Check visibility health, not just plan shape. PostgreSQL’s visibility map stores all-visible and all-frozen state per heap page, and its bits are set by vacuum and cleared by data-modifying operations.
Verification: if heap fetches remain high after the index is used, inspect last_autovacuum, n_dead_tup, long-running transactions, and table-level autovacuum settings.
Bound the write cost. Included columns are not search keys, but they still live in the index. A wide text, jsonb, or frequently updated status column can turn a read optimization into write amplification.
Verification: compare pg_stat_user_indexes.idx_scan, write latency, WAL volume, HOT update ratio, and index size before and after rollout.

In Practice

I am not going to invent a 2:14 AM incident with a heroic graph. The documented production pattern is enough, and the public PostgreSQL material gives a concrete measurement boundary.

PostgreSQL 11 added covering indexes with INCLUDE, documented in the project release notes and in the current index-only scan documentation. The documentation says the scan is physically possible when the index type supports it and the query’s referenced columns are available from the index. B-tree indexes satisfy the access-method requirement. The same documentation adds the operational catch: because visibility data is not stored in index entries, PostgreSQL checks the visibility map before skipping the heap.

That behavior explains why a plan can contain Index Only Scan and still do heap work. The plan node describes the access strategy; Heap Fetches tells you how often the executor had to visit heap pages anyway. If heap fetches are high, the covering index may still reduce work, but it has not removed the table from the read path.

A useful public comparison comes from Dalibo’s PostgreSQL 11 workshop, which uses a 10M-row table with columns a, b, and c. With a unique index on (a, b), selecting only a, b can use an index-only scan with Heap Fetches: 0. Selecting a, b, c from the same predicate cannot be answered by that index, so PostgreSQL uses an index scan and reads the table to get c. After adding a covering index on (a, b) INCLUDE (c), the same a, b, c query returns to an index-only scan with Heap Fetches: 0.

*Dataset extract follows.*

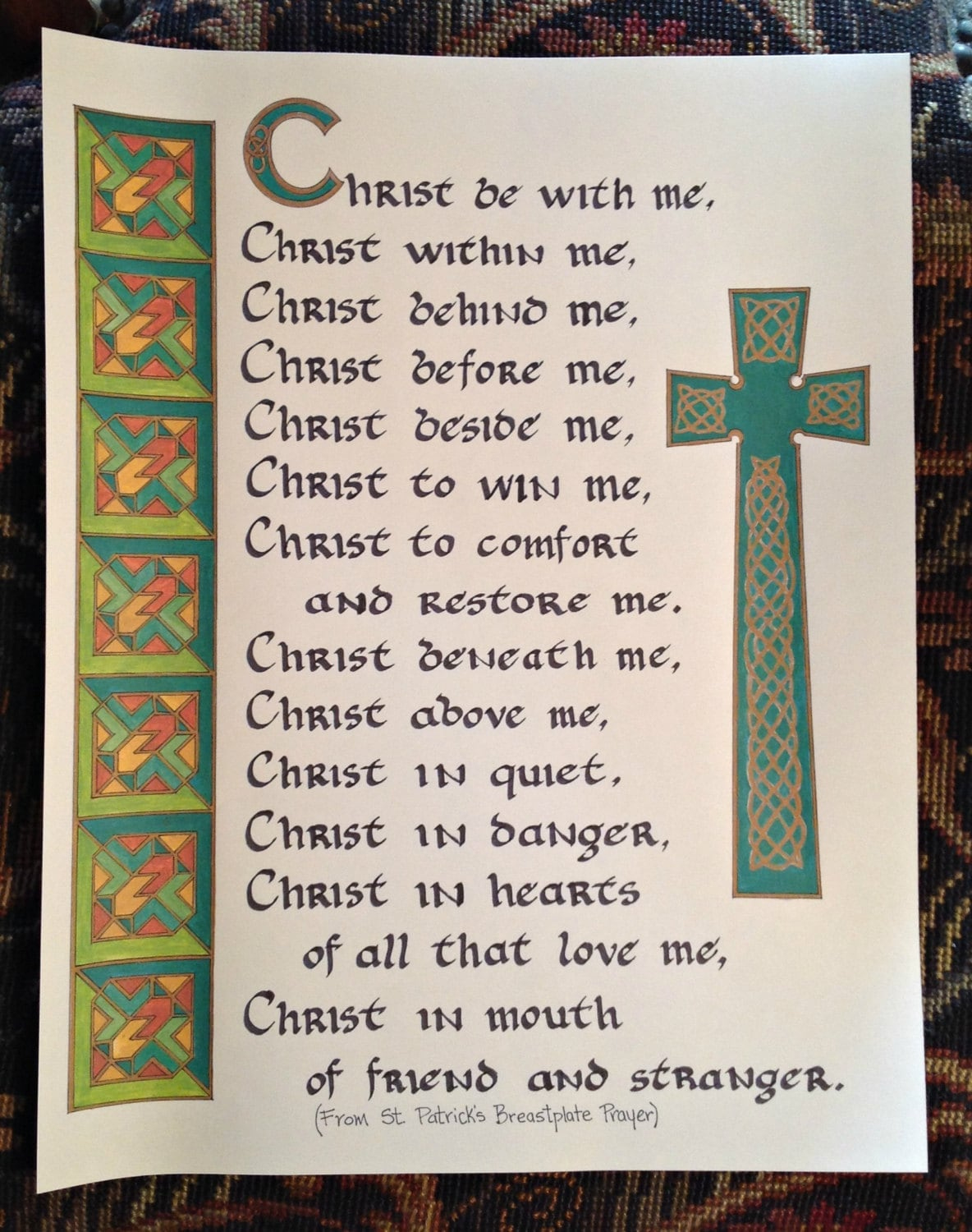 St. Patrick&amp;#039;S Breastplate Prayer - Etsy with St Patrick Breastplate Prayer Printable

Public PostgreSQL 11 workshop measurement	Plan shape	Heap fetch signal	Execution time
Existing unique index on `(a, b)`, query selects `a, b`	`Index Only Scan`	`0`	`12.628 ms`
Existing unique index on `(a, b)`, query selects `a, b, c`	`Index Scan`	Heap access is inherent	`16.034 ms`
Covering unique index on `(a, b) INCLUDE (c)`, query selects `a, b, c`	`Index Only Scan`	`0`	`14.263 ms`

The more interesting part is not the small read-time delta in that example. It is the storage and write tradeoff. Dalibo reports 214 MB for the unique (a, b) index and 387 MB for a separate (a, b, c) index, or 602 MB if both are kept. Replacing that pair with one unique covering index on (a, b) INCLUDE (c) is reported at 386 MB. The same workshop then inserts 100k rows: maintaining one covering index reports 502.594 ms; maintaining the two-index design reports 843.147 ms.

That is the design tradeoff senior engineers should care about. The covering index did not make writes free. It reduced a two-index design into one index while preserving uniqueness semantics on (a, b). If your alternative is no extra index, writes still pay. If your alternative is two overlapping indexes, a covering index may be the cheaper structure.

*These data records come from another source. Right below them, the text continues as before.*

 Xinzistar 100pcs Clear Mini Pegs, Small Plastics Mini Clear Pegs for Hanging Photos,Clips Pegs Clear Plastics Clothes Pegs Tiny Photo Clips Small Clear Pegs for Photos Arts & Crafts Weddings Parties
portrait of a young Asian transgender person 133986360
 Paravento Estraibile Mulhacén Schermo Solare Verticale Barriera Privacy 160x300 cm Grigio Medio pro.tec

The deeper production gotcha is autovacuum math. PostgreSQL documents autovacuum_vacuum_threshold = 50 and autovacuum_vacuum_scale_factor = 0.2 defaults. On small tables, that is fine. On a 200M-row relation, scale-factor-driven vacuum can wait for a very large number of changed tuples unless table storage parameters override it. That delay matters because visibility map bits are conservative: if PostgreSQL cannot prove a page is all-visible, it visits the heap.

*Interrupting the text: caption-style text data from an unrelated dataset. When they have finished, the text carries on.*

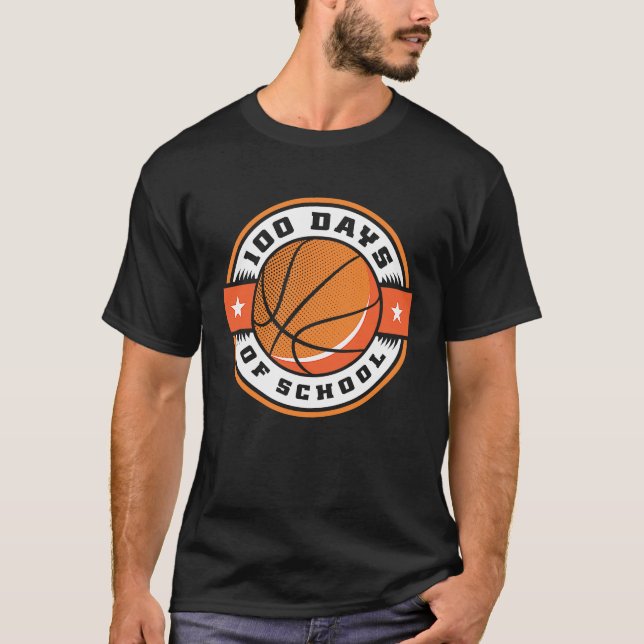 100th Day of School Basketball 100 Days Of School T Shirt (Framsida)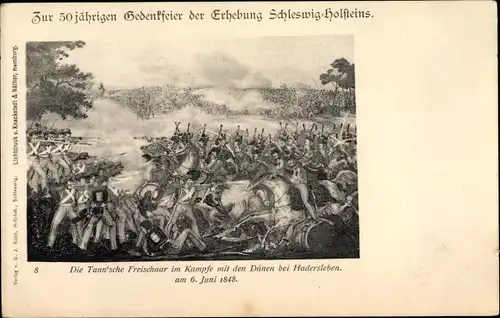 Künstler Ak Haderslev Hadersleben Dänemark, Tann'sche Freischaar im Kampf 1848, Erhebung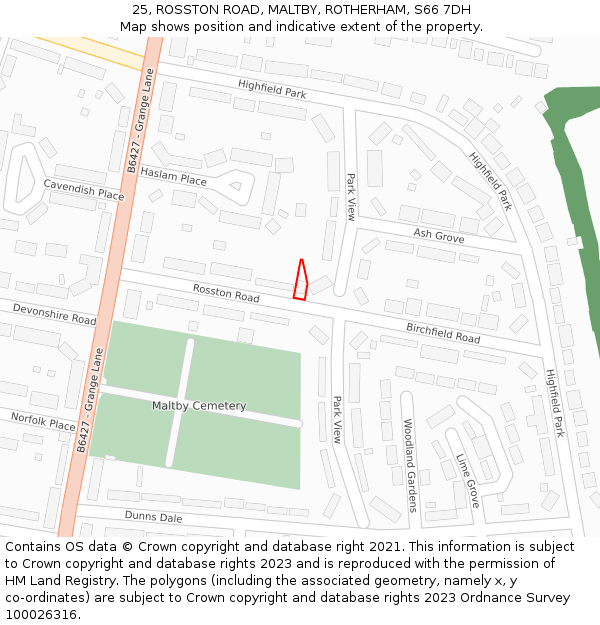 25, ROSSTON ROAD, MALTBY, ROTHERHAM, S66 7DH: Location map and indicative extent of plot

There is also a schema-design trap. Adding INCLUDE (username, status) is reasonable for a hot lookup endpoint. Adding ten payload columns because “index-only scans are fast” is not engineering; it is moving the table into another structure with worse write economics. PostgreSQL will reject oversized index tuples, and before that hard failure, you pay with memory pressure, cache churn, WAL, and slower updates.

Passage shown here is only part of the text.